Folder: MAIL/folders-splitted/vm-folders/voynich-02
From stolfi Thu Sep 26 23:00:32 -0003 2002
From: Jorge Stolfi <stolfi@dcc.unicamp.br>
To: voynich@cryptogram.org
Subject: Re: Piraha and the VMS
In-Reply-To: <200209250531.g8P5VXh4019526@mail3.alphalink.com.au>
References: <200209250531.g8P5VXh4019526@mail3.alphalink.com.au>
Reply-To: stolfi@dcc.unicamp.br


    > [Jacques:] It might, only just might do, for Piraha, an
    > Amazonian language with 7 consonants and 3 vowels, ignoring its
    > two tones, and breaking up its consonant clusters, Linear-B
    > style. (Jorge, they're your next-door neighbours, how about...
    > oh, just pulling your leg).

By amazing coincidence, I happen to have a book about the Pirahã
language (which had about 110 speakers left in ~1980).  Here is a 
sample sentence from that book:

  (1) xaíti xaibogi xaigahápiso xisibáobábagaí sagía xabáobihiabá

which the author parses as

  xaíti              peccary 
  xaibogi            quick  
  xaig:ahá:p:i:so    toMove:toGo:IMPERFECTIVE:NEAR:TEMPORAL 
  xisib:áo:b:ábagaí  toShootArrow:TELIC:PERFECTIVE:FRUSTRATED
  sagía              animal
  xab:áo:b:i:hiab:á  toStop:TELIC:PERFECTIVE:EPENTHETIC:NEGATIVE:REMOTE
  
and translates as 

  "while the peccary was fleeing, I almost shoot an arrow at it; it
  didn't stop."
  
As you can see, Pirahã has rather long words, usually made of 
a root with a couple of syllables and several suffixes, which
are often just one syllable or part thereof.  I gather that most 
American native languages follow this pattern, which also
fits Turkish and Hungarian (IIRC).

Now, this pattern defintely does not fit the VMS word length
distribution, which is practically zero beyond 10 letters or so.

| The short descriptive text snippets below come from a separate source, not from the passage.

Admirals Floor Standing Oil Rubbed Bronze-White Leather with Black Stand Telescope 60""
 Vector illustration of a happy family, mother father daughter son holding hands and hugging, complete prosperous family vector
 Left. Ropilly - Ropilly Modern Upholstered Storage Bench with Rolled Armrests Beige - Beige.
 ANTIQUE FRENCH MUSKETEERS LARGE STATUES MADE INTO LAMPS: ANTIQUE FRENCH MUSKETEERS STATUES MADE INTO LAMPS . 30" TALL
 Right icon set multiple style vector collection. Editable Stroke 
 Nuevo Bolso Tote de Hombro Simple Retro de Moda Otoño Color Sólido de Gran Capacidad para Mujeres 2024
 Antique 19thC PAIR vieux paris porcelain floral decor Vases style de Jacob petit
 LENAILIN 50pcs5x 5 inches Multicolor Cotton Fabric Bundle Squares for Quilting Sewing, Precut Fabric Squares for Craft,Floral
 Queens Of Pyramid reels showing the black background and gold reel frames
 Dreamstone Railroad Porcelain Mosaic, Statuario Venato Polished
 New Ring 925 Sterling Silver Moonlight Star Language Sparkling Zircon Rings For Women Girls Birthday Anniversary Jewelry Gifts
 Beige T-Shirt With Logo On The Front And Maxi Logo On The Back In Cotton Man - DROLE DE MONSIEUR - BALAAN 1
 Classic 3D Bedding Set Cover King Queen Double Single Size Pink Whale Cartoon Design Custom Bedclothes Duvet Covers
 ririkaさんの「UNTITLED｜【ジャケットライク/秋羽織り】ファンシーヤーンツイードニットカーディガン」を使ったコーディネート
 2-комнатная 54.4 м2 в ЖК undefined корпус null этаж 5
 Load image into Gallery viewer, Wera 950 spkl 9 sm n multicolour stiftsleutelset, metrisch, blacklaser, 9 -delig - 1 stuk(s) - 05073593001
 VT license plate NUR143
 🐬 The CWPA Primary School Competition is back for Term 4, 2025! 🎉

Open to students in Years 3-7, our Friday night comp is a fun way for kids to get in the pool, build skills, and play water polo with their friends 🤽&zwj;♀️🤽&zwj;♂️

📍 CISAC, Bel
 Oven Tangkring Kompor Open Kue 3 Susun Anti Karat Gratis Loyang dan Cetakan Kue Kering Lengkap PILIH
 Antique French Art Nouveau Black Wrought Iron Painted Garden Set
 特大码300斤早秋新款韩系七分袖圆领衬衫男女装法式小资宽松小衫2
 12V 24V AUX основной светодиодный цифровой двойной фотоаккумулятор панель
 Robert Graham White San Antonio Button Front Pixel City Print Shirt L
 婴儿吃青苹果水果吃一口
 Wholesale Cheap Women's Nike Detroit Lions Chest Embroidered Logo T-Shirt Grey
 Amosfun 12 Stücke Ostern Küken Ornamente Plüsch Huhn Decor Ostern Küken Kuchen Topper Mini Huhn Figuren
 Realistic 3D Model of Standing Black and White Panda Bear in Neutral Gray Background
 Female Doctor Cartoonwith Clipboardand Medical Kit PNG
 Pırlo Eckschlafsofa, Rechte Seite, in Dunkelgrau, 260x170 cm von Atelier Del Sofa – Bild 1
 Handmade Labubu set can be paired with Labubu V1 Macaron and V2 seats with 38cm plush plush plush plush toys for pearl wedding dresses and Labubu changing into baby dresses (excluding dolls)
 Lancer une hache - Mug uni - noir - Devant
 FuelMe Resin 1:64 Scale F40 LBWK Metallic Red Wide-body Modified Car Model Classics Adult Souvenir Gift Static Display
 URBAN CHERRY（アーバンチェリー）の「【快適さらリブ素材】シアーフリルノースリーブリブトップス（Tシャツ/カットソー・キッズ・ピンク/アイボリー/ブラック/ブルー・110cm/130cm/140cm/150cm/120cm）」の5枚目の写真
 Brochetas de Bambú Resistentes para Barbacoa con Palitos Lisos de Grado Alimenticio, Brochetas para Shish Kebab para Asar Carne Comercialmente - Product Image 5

Jacques suggests that those languages may show a better match to the
VMS, if each word element is written as a separate word, eg.

  (2) xaíti xaibogi xaig ahá p i so xisib áo b ábagaí sagía xab áo b i hiab á

Perhaps... 

However, it seems to me that a full decomposition would have the
opposite problem, namely we would get many more 1- and 2-letter words
than we see in the VMS. So, in order to get a good match, we may have
to assume a partial decomposition, where certain combinations of
suffixes are still written as single words.

Another problem with the "Amerind" theory is that the main roots in
indian languages are often 2 or 3 syllables long. These words would
not have the peculiar structure we see in the VMS words (at most one
gallows, different letters at beginning/middle/end, etc.).

Finally, the idea of writing each suffix as a separate word, as in (2)
above, would be rather peculiar, since all early European
transcriptions of Amerind languages which I have seen wrote them
attached to the root, like (1).

All the best,

--stolfi